Guided Vision or Push Poll?
I attended the free guided visioning exercise provided by the Piedmont Environmental Council (PEC) for the residents of Dulles South on June 8. It was a smoothly run affair. The fact that the PEC, along with the Coalition for Smarter Growth, the Campaign for Loudoun's Future (CLF) and the Sierra Club, succeeded in providing more facilitators than the number of residents in attendance surely contributed to the ease with which the exercise was conducted.
Unfortunately, the shortcomings may have outweighed any definitive spin that may be placed on the event. Fewer than 80 people were present, of whom more than 20 were connected with the environmental groups sponsoring the event. Another 20 to 30 were connected to development applications in the region. Of the approximately 30 residents participating, a significant percentage were affiliated with spinoff groups of the organizers.
Given the amount of money and effort expended by the sponsors to promote the exercise, it appears as if it was primarily attended by the choir.
The exercise consisted of each individual in a group having his or her answers to five questions recorded, at the conclusion of which each individual was given 15 dot stickers to "vote" on the most important issue noted in each question category.
I cannot testify as to what happened in other groups; mine consisted of a facilitator from the Coalition for Smarter Growth, aided by two recorders from the Sierra Club, seven residents and two observers.

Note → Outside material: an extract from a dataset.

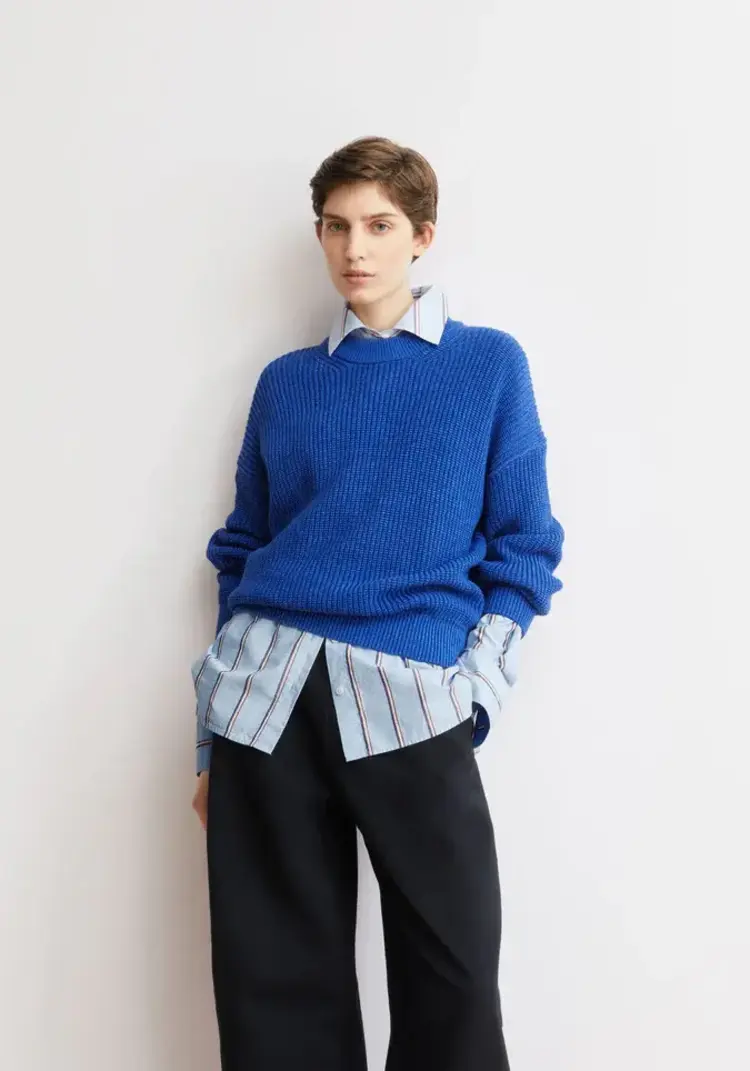 Armedangels VANISE Knit Sweater Sweater Dynamo Blue-Light Dynamo Blue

Of the residents, one was identified as a member of a subgroup of the Campaign for Loudoun's Future, itself a subgroup of PEC.
One observer, identified as the vice president of planning for the development firm Greenvest, stated that the company owned land in the region for which there is an application in process. Although twice invited to physically sit within the circle, the person sat outside the group and remained silent.
The other observer was identified as a member of the Campaign for Loudoun's Future and, the person stated, as one of the organizers would also simply be observing. However, the person sat within the circle and provided input to the guided questioning.
I note this because of the structure of the meeting: After the first question had been around the circle, and all citizens had confirmed that their opinions had been adequately recorded, the CLF observer pointed to the sheet of responses and asked, "Did anyone mention quality of life?" I found this interesting because observation implies use of the eyes and ears rather than the mouth, and doubly interesting because of the implication that something desired had been omitted by the participants.
A subsequent question elicited single-phrase or one-word answers from the respondents preceding me. I divided my response into two parts, which the recorder accurately transcribed in two concise sentences. The "observer" within the circle then pointed to the sheet again, and stated that the other answers needed to be more detailed. This was not the only time that apparently desired answers were suggested to be expanded or separated into more than one part, while on another question it was suggested that my opinion could be added as a subset of someone else's point.
I came away from the evening with the conclusion that this was a guided push poll.
I want to state for the record that if we conservatively estimate the population of Dulles District at 30,000, the approximately 30 residents who participated are one-tenth of 1 percent of those most directly affected. That cannot be extrapolated into any uniform citizen demand for anything specific, other than perhaps a forlorn hope by a very few that nothing will ever change, yet simultaneously turn backwards and improve.